Extracted data entries
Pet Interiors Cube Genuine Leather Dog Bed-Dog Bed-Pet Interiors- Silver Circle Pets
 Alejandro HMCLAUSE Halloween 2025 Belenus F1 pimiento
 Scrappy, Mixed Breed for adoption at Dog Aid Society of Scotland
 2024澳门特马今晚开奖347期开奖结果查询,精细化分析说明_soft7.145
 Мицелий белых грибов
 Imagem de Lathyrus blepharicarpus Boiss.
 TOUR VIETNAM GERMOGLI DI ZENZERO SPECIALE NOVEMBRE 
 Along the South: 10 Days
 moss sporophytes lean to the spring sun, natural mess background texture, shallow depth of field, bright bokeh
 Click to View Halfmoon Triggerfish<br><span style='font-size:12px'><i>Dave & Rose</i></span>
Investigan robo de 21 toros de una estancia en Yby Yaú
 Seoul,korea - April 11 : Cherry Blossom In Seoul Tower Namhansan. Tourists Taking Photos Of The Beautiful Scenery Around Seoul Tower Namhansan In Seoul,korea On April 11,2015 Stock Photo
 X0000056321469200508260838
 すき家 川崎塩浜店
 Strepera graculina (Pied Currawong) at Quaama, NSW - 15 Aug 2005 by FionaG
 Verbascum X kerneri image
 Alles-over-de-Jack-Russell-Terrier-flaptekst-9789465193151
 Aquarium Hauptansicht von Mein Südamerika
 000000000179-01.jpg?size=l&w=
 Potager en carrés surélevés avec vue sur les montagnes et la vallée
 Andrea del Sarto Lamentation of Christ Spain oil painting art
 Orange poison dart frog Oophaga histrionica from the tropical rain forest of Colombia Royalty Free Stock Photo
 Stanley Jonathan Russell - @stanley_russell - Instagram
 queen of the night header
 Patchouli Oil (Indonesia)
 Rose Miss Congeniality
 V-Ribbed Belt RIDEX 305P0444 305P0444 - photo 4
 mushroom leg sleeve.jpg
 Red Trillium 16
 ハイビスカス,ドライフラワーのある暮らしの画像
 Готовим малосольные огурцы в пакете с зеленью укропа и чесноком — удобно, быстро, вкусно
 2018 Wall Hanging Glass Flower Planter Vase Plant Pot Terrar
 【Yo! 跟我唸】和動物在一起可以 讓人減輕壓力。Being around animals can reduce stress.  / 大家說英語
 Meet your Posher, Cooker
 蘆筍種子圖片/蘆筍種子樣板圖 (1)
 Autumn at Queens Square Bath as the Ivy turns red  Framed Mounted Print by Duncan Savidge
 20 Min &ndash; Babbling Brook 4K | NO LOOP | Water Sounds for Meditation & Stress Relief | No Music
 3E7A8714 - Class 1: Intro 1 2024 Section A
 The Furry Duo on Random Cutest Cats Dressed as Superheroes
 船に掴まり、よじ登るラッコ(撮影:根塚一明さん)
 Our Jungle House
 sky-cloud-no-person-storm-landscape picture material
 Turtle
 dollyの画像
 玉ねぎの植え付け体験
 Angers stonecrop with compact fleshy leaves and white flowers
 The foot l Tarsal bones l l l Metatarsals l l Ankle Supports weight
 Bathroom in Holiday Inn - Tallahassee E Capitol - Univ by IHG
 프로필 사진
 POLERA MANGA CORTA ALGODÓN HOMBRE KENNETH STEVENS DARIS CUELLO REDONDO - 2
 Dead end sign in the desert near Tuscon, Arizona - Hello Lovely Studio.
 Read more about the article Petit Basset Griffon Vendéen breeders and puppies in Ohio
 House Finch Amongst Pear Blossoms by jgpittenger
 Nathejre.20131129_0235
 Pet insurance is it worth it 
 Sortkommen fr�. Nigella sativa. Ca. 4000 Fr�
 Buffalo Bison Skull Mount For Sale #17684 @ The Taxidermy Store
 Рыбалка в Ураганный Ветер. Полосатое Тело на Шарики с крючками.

What you will do
Only the lines containing the string "Rose" are needed; pull them out of the records.

Exercise solution
 Click to View Halfmoon Triggerfish<br><span style='font-size:12px'><i>Dave & Rose</i></span>
 Rose Miss Congeniality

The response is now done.